Monday, October 30, 2006
It concluded: "Now that the long awaited 'network of networks' looks like it's finally emerging from the complex cat's cradle of coexisting and often competing technologies and protocols that have grown up in recent decades, it's important to remember that IMS is there as a true business enabler. Just as the invention of money revolutionized entire economies and social structures, replacing the inevitable time and space limitations imposed by bartering, so too is IMS set to open up the communications environment to new ways of doing business. In the process, new value–and new wealth–will be created."
We were stunned that this level of vendor hype still exists! Our large survey earlier in the year showed that people in the know really don't believe this. And our industry brainstorm in October - where for the first time at a major event all the participants were allowed to debate the issue anonymously and simultaneously in a structure manner and in real-time - confirmed very clearly that The IMS Emperor (as originally promoted by vendors and, it seems, still promoted by some) Has No Clothes. It's amazing what can happen when you let everyone to have their say without fear of ridicule... Summary: There's plenty of technical usefulness within IMS, but not to the degree espoused here.
I asked our Chief Analyst, Martin Geddes, for his view:
Essentially, we at STL and Telco 2.0 disagree with Telcordia's premise. Yes, there are APIs needed into authentication and other services. But a lot of this stuff doesn't need the IMS architecture. You just do it over the current Internet, and roll a suitably lightweight protocol to exchange the data.
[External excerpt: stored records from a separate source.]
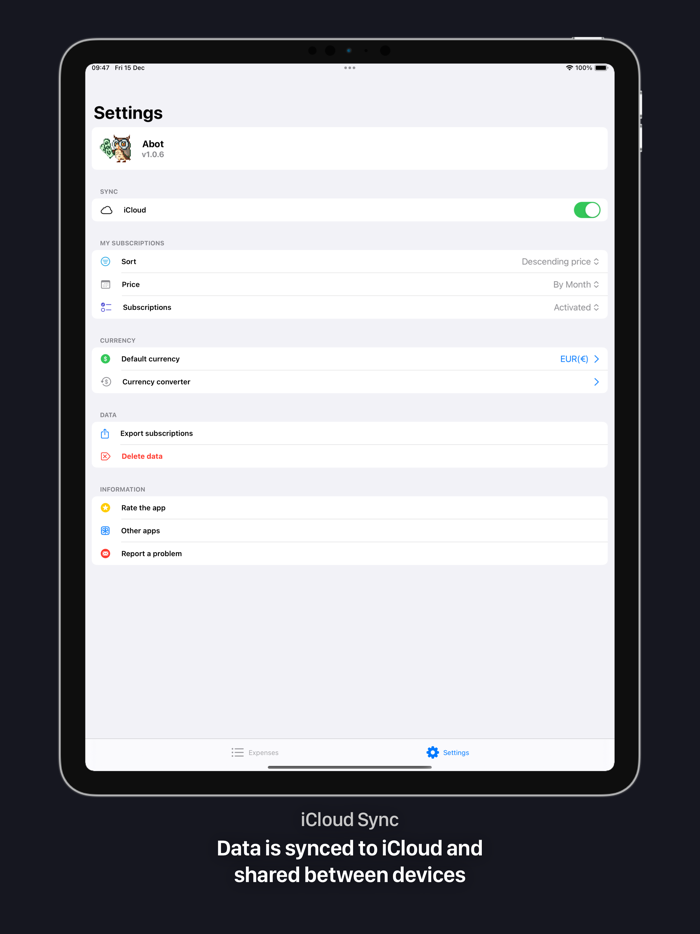 Subscriptions - Abot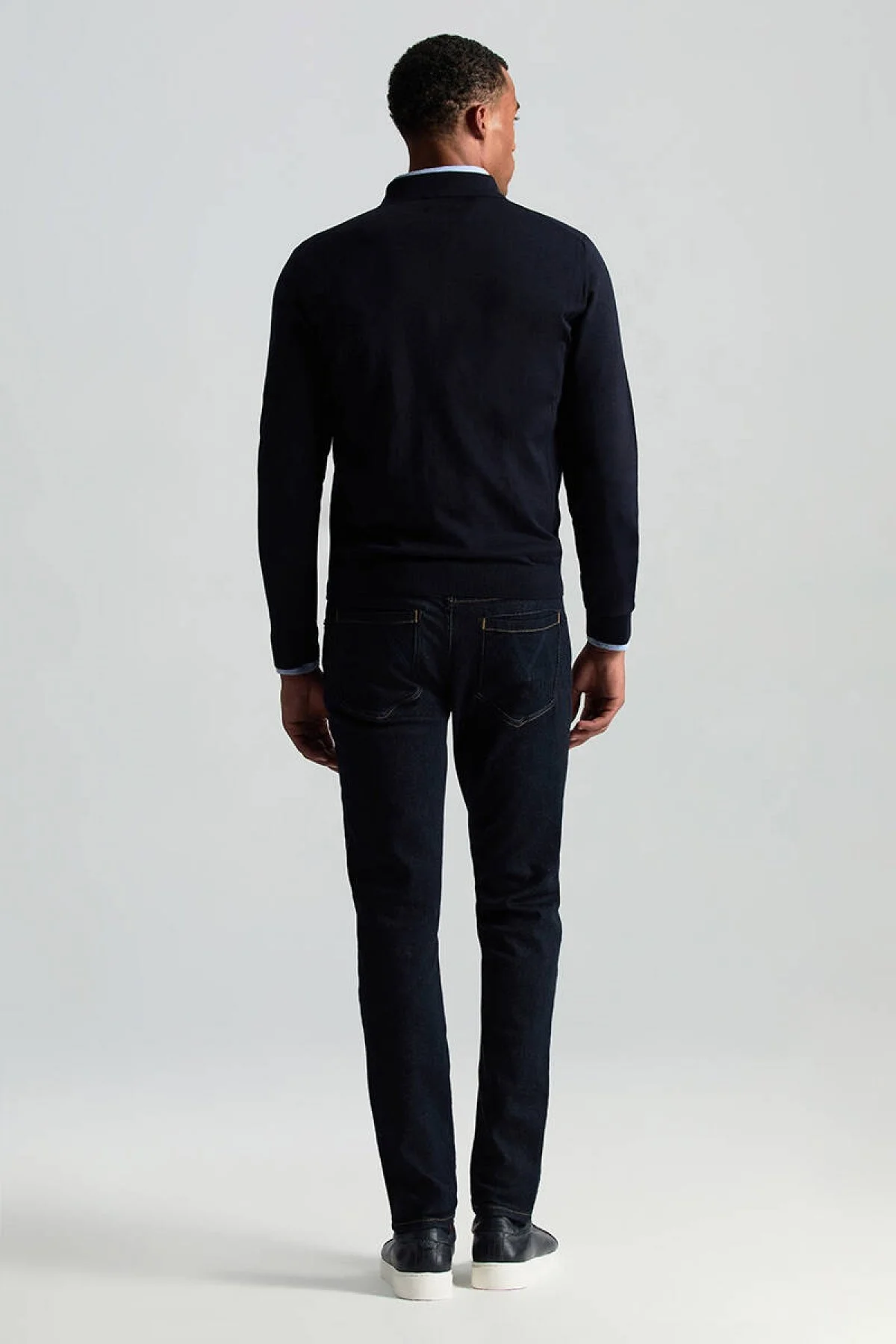 Hemington - Kaşmir Karışım Kışlık Lacivert Denim Pantolon (3)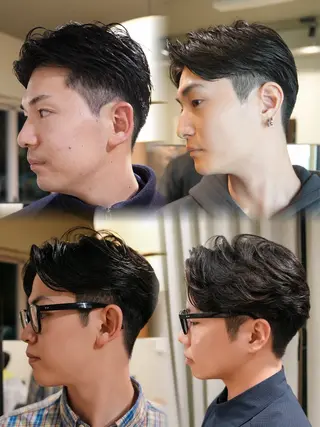 メンズ メンズパーマ いしだ りょうのヘアスタイル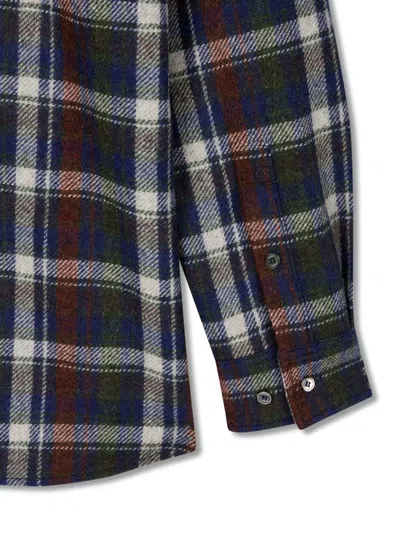 Studio Tomboy Checkered Wool Shirt In Multi
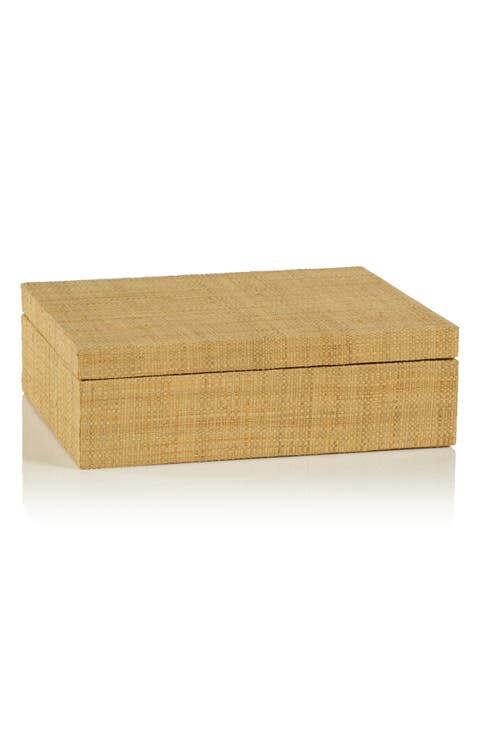 Natural Grasscloth Decorative Box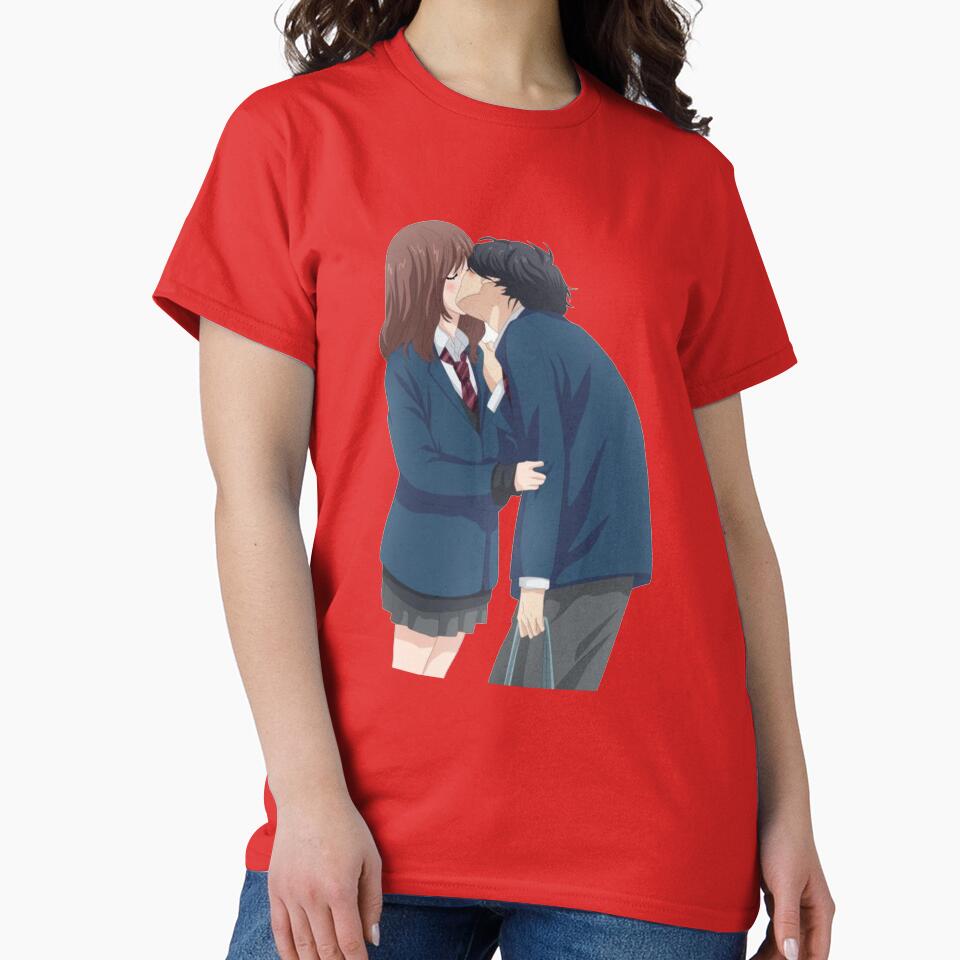 Ao Haru Ride Futaba And Kou Kiss T-shirt - Image 5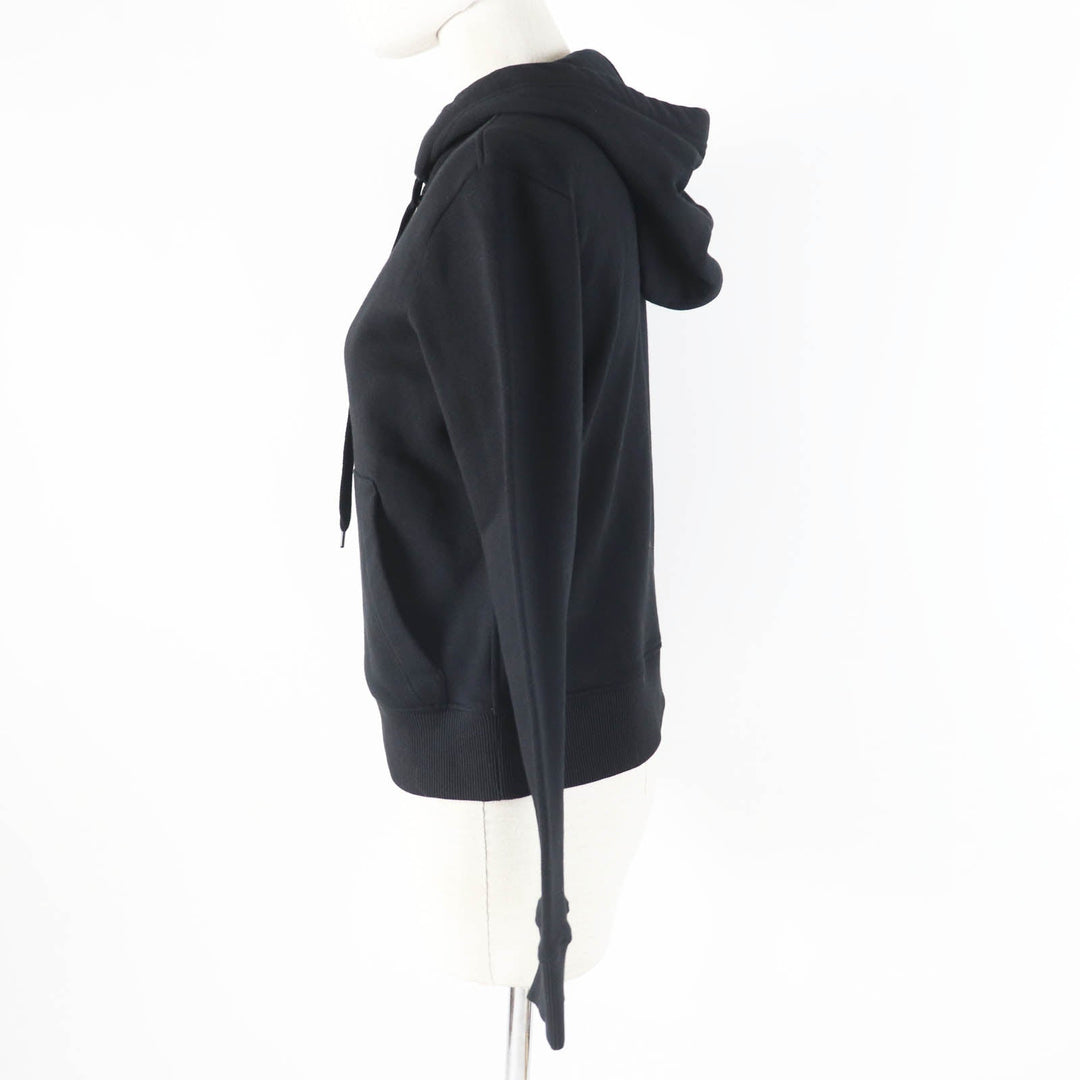 VALENTINO Hoodie XB3MF16C71R Outer: 100% cotton, Outer: 98% cotton, Outer: 2% polyurethane, Lining: 100% cotton black Women XS Used Authentic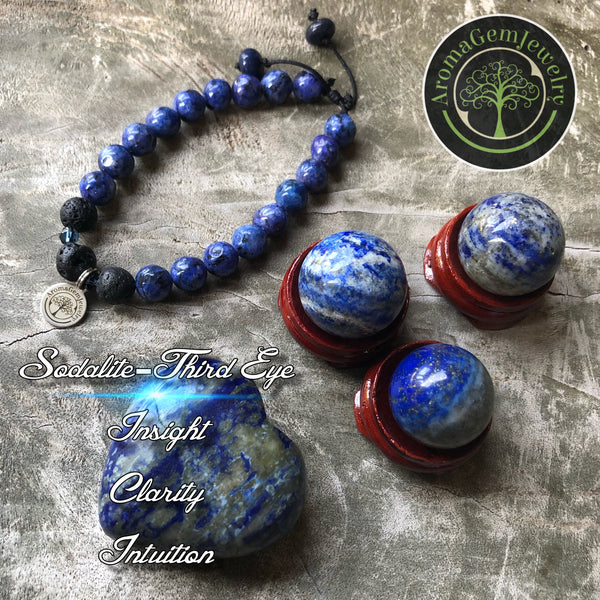 Essential oil diffuser bracelet - sodalite
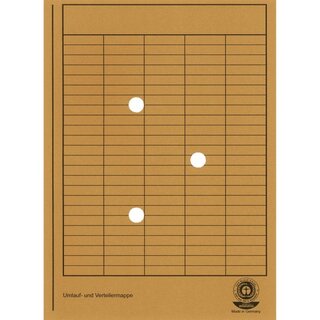 Umlaufmappe, aus Karton 250g, mit Gitterdruck +...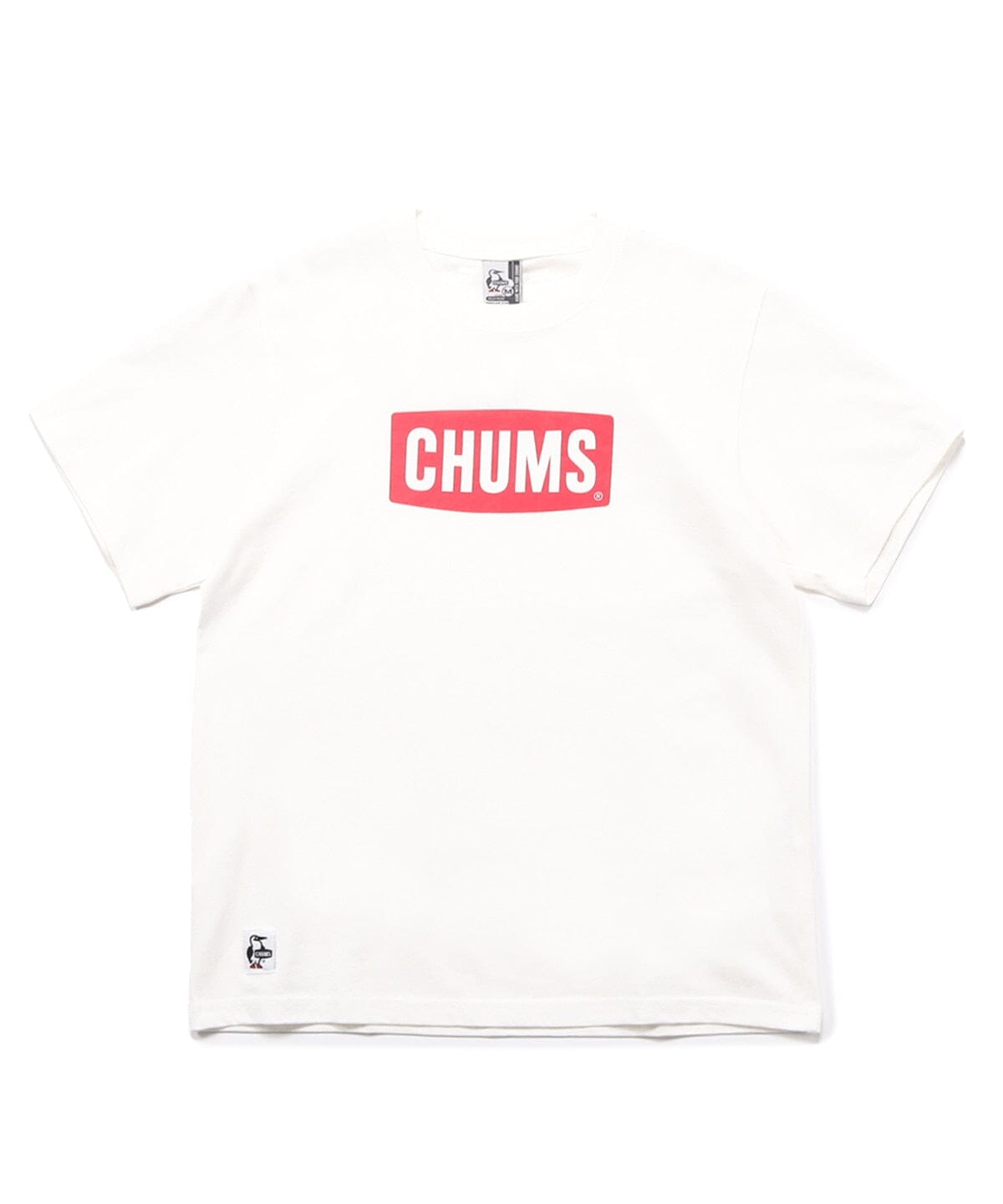 CHUMS Logo T-shirt Men's White/Red S 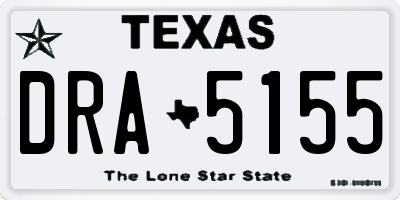 TX license plate DRA5155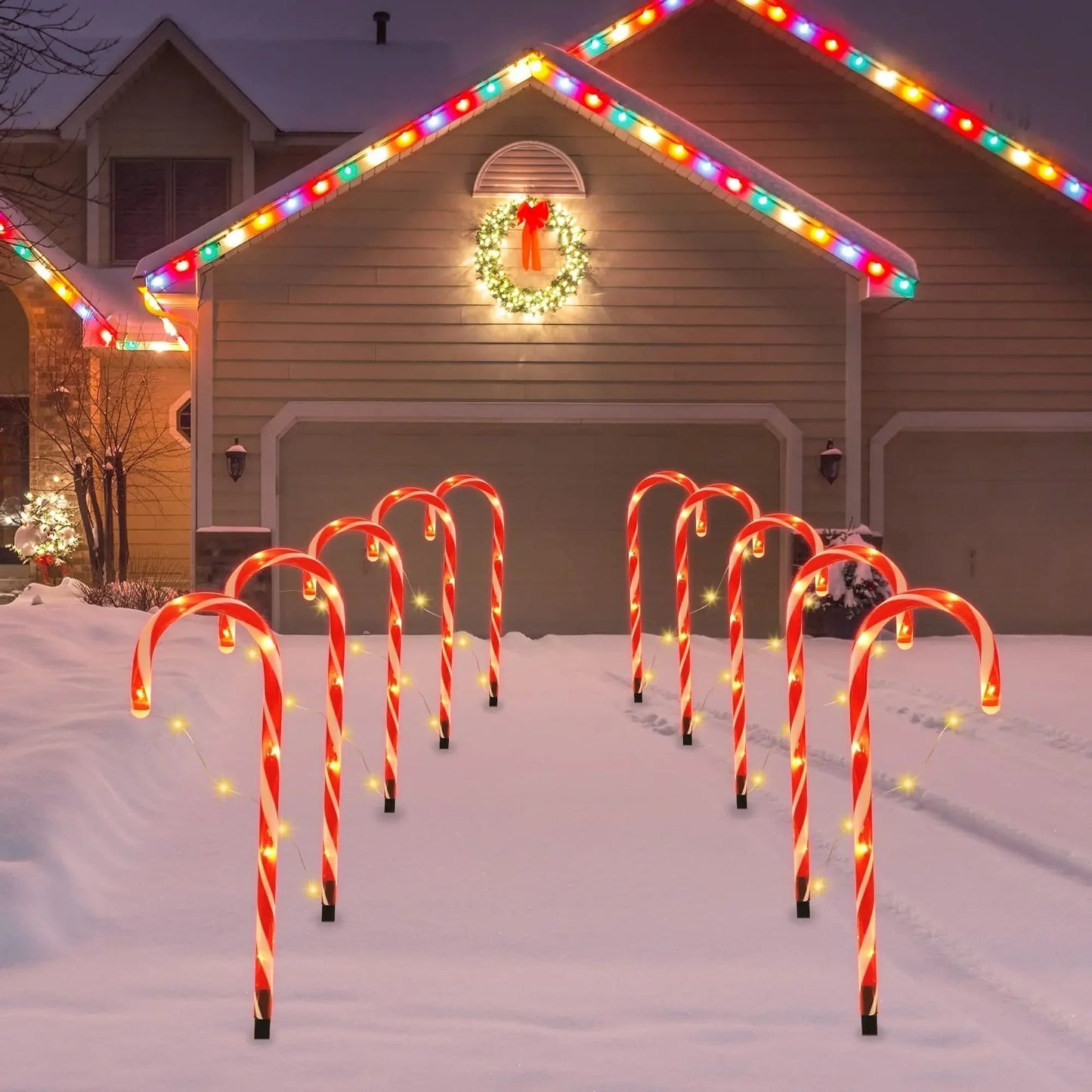 Guirlandes LED Étanches pour Noël | Éclairage Magique et Facile à Installer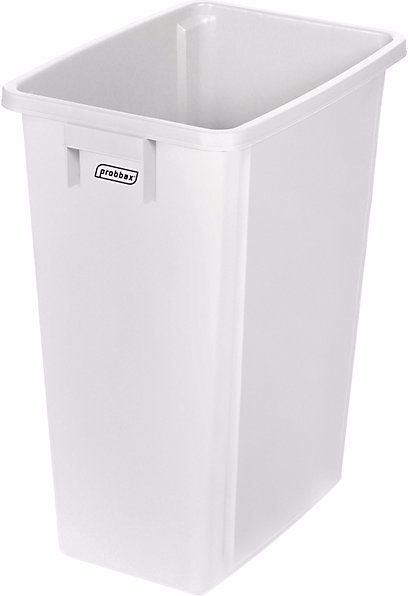 Produktbild Probbax Kunststoff-Wertstoffsammler, Volumen 60 l, weiss, ohne Deckel (60 l)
Things like QoS have been tried and largely rejected before. The problem is that asking all the nodes in the network to reserve some capacity takes time. Indeed, so much set-up time, that it becomes a problem. If a telco has one advantage over the Internet, it's the ability to deploy boxes geographically/topologically scattered around the network, to minimise latency. This is how cellular works: many HLRs and switches, rather than backhaul to a central location. We've already been here before with ATM (an earlier telecom protocol that many wrongly thought would displace IP.)
We've thrashed over the other supposed "benefits" of IMS before (see previous postings in this blog) -- the words sound good, but the business case is hollow because the same end-user value can be delivered too consistently over the Internet.
Telcordia in their article say: "The prime purpose behind IMS is to enable the seamless convergence of all the communications services that we currently use but are partitioned by the nature of the networks that they run on. While we have become used to using fixed Internet for some transactions, our mobiles for others, and so on, this silo concept is increasingly inefficient and expensive for both user and service provider. ...
With traditional voice revenues under constant erosion, it is essential that service providers of all types are able to move up the value chain, away from basic connectivity and toward more advanced communications services that include multimedia, messaging, and business and lifestyle applications."
But Telcos have no history of success in rich application development. Furthermore, the assumption that you move *up* the value chain is Telco 1.0 thinking. The world is flattening, and most operators are going to have to relinquish dreams of being more than a utility pipe. The rich multimedia stuff is also contextual (e.g. as part of a game), and the owners of those services have no intention of sharing the pie with the telcos when there's an alternative, cheaper distribution mechanism (the Internet).
There are two possible exception areas: We basically agree with Telcordia's security pitch, although again I'm not convinced IMS is the right architecture. And the PSTN/legacy interconnect issue won't go away.
Old, dumb, edge nodes aren't going to suddenly get smart, so you need some smart network node to act on their behalf to integrate them into new services. But my desk phone isn't about to spout a screen, so forget those multimedia combinational services. They'll emerge from the PC world (and indeed already have).
Fine-grained billing isn't loved by users. Predictability is in, and flat rate is one way to deliver it. The dream of a telco is to have a zillion rating rules, and for it to be impossible for users to comparison shop.
Ultimately, IMS is all back-to-front. Rather than trawling all the network traffic trying to find billable events, you just offer a bunch of service APIs that can be invoked under the control of the edge points (or third party servers). The billable event, if any, is under the control of the third party. Session control in the network doesn't add much value, and ultimately can't be charged for. Skype proves it -- we talked in wideband audio yesterday, no QoS or IMS needed.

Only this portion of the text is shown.